RecipesCzech RepublicHolandské řezy s vanilkovým krémem

Holandské řezy s vanilkovým krémem

A delightful layered dessert consisting of a light sponge cake, a rich vanilla custard cream, and a glossy chocolate glaze, offering a sophisticated yet comforting treat.

Prep Time40 minutes
Cook Time25 minutes
Total Time1 hour 5 minutes (plus chilling time)
Servings12
DifficultyMedium
Holandské řezy s vanilkovým krémem - Czech Republic traditional dish

🧂 Ingredients

  • 5 large Eggs(separated)
  • 150 g Granulated sugar(divided)
  • 150 g All-purpose flour
  • 1 tsp Baking powder
  • 500 ml Milk
  • 50 g Cornstarch
  • 2 tsp Vanilla extract
  • 100 g Butter(softened)
  • 150 g Dark chocolate(chopped)
  • 50 ml Heavy cream
  • 1 tbsp Powdered sugar

👨‍🍳 Instructions

  1. 1

    Preheat oven to 180°C (350°F). Grease and flour a 25x35 cm (10x14 inch) baking pan.

    💡 Tip: Lining the pan with parchment paper can make removal easier.
  2. 2

    In a large bowl, beat egg yolks with half of the granulated sugar (75g) until pale and creamy.

  3. 3

    In a separate bowl, whisk together flour and baking powder. Gradually add the dry ingredients to the egg yolk mixture, alternating with a splash of milk if needed, until a smooth batter forms.

  4. 4

    In another clean bowl, beat egg whites until stiff peaks form. Gradually add the remaining granulated sugar (75g) and continue beating until glossy.

  5. 5

    Gently fold the beaten egg whites into the batter until just combined. Be careful not to overmix.

    💡 Tip: Folding preserves the air in the egg whites, ensuring a light sponge.
  6. 6

    Pour the batter into the prepared baking pan and spread evenly. Bake for 20-25 minutes, or until a toothpick inserted into the center comes out clean.

  7. 7

    Let the sponge cake cool in the pan for 10 minutes, then invert it onto a wire rack to cool completely.

  8. 8

    While the cake cools, prepare the vanilla cream. In a saucepan, whisk together cornstarch and a small amount of milk to form a smooth paste. Gradually whisk in the remaining milk.

  9. 9

    Cook over medium heat, stirring constantly, until the mixture thickens. Remove from heat and stir in vanilla extract and softened butter until smooth.

    💡 Tip: Stirring constantly prevents lumps and scorching.
  10. 10

    Cover the surface of the cream directly with plastic wrap to prevent a skin from forming. Let it cool to room temperature, then chill in the refrigerator.
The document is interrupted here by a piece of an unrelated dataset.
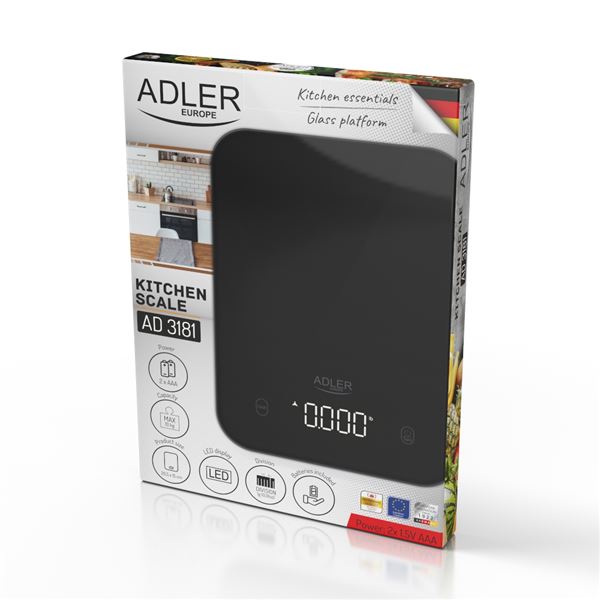 Kuchynská váha Adler AD 3181 čierna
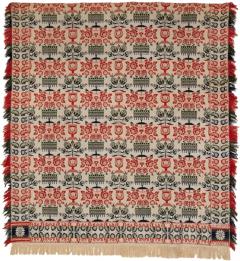 Jacquard Coverlet made for Manassa Warheim - 1186799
    💡 Tip: Direct contact with plastic wrap is crucial for preventing skin formation.
  11. 11

    Once the cake and cream are cooled, spread the vanilla cream evenly over the cooled sponge cake.

  12. 12

    Prepare the chocolate glaze. Melt the dark chocolate with heavy cream in a heatproof bowl set over a pan of simmering water (bain-marie) or in the microwave in short intervals. Stir until smooth.

  13. 13

    Pour the chocolate glaze over the vanilla cream layer and spread evenly. Sprinkle with powdered sugar if desired.

  14. 14

    Chill the dessert in the refrigerator for at least 2 hours to allow the glaze to set and flavors to meld. Cut into squares and serve.

    💡 Tip: Chilling is essential for clean cuts.

💡 Pro Tips

  • Ensure egg whites are beaten to stiff peaks for maximum volume in the sponge.
  • Use good quality vanilla extract for the best flavor.
  • The chocolate glaze can be adjusted for sweetness by adding a little more sugar if desired.
  • For a richer chocolate flavor, use a higher percentage cocoa chocolate.

🔄 Variations

  • Add a layer of fruit preserves (like apricot or raspberry) between the sponge cake and the vanilla cream.
  • Decorate with fresh berries or chocolate shavings.
  • Use a different flavor extract, such as almond or rum, in the cream.